"Super Express": - Miałeś kłopoty z osiągnięciem limitu wagowego (90,7 kg) w tak krótkim czasie?
Łukasz Janik: - Nie było łatwo. Kiedy niecałe dwa tygodnie temu dowiedziałem się o walce, ważyłem jakieś 99 kilogramów, czyli miałem 9 kilogramów nadwagi. Mało więc jadłem, tylko piłem i ciężko trenowałem. Było z czego spalać, bo miałem zapas energii z tłuszczu i wspomagałem się L-karnityną. Dopiero w ostatnich dniach zacząłem normalnie jeść. Teraz czuję się dobrze.
Łukasz Janik: Jestem gotowy zastąpić Diablo
- Rosjanie kpili z ciebie i innych Polaków, mówiąc, że służycie im ostatnio za mięso armatnie...
- Nie obchodzą mnie opinie Rosjan i innych krytyków.
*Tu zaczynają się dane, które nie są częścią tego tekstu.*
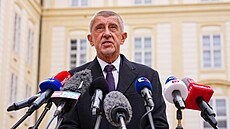 P�edseda hnutí ANO Andrej Babi� p�ijel na Hrad, kde hovo�il s prezidentem...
Znam siebie, ja nie pękam pod presją. Nie przyjechałem do Moskwy mścić się za porażki rodaków, tylko walczyć o swoje. To jest moja życiowa szansa i zamierzam jak najlepiej ją wykorzystać. Mam walczyć z mistrzem świata najbardziej prestiżowej federacji WBC. Wyjdę do ringu na maksa skoncentrowany i mam nadzieję, że będę szybki jak nigdy.
- Nokaut to jedyna szansa na zwycięstwo?
- Tak. Nie ma co kryć, na punkty nie wygram. Drozd dobrze się przygotował do rewanżu z "Diablo" i ma za sobą pełen obóz przygotowawczy. Kondycyjnie będzie nie do zajechania, ale można go trafić, a ja mam argumenty w obydwu rękach. Opuszcza lewą rękę, zapomina o prawej. Można go skończyć z każdej strony, trzeba tylko odrobiny szczęścia. Mam w głowie gotowy obraz.
- Wiesz, że żadna polska telewizja nie zdecydowała się na transmisję tej gali?
- Szkoda, bardzo mi przykro. Moi znajomi i kibice na pewno chcieliby zobaczyć tę walkę. To strata polskich stacji telewizyjnych, bo walczę o mistrzostwo świata i na pewno zostawię w ringu serce.